- [PROBLEM STATEMENT]: Line by line, retype the material exactly and leave each picture out.
------ DATA SECTION
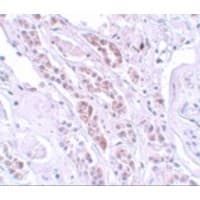Polyclonal Rabbit anti-Human TCTN1 Antibody (IHC, IF, WB)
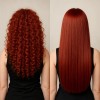 GS Hair Surgery Treatment for Red Hair /Cirugia Capilar para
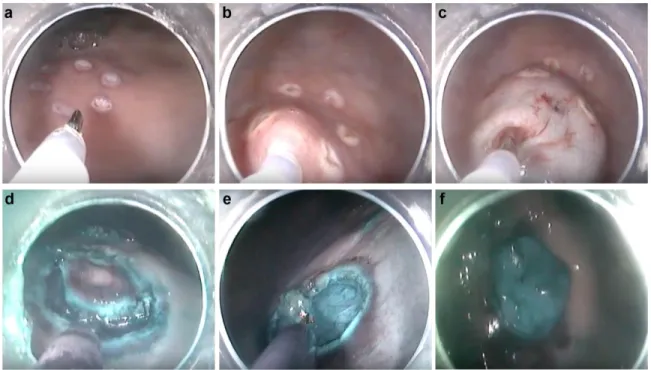 Figure 7. Endoscopic views of the different steps of the ESD procedure performed using the dPAA stained  with Methylene Blue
------------
- [FINISHED EXERCISE]:
Polyclonal Rabbit anti-Human TCTN1 Antibody (IHC, IF, WB)
 GS Hair Surgery Treatment for Red Hair /Cirugia Capilar para
 Figure 7. Endoscopic views of the different steps of the ESD procedure performed using the dPAA stained  with Methylene Blue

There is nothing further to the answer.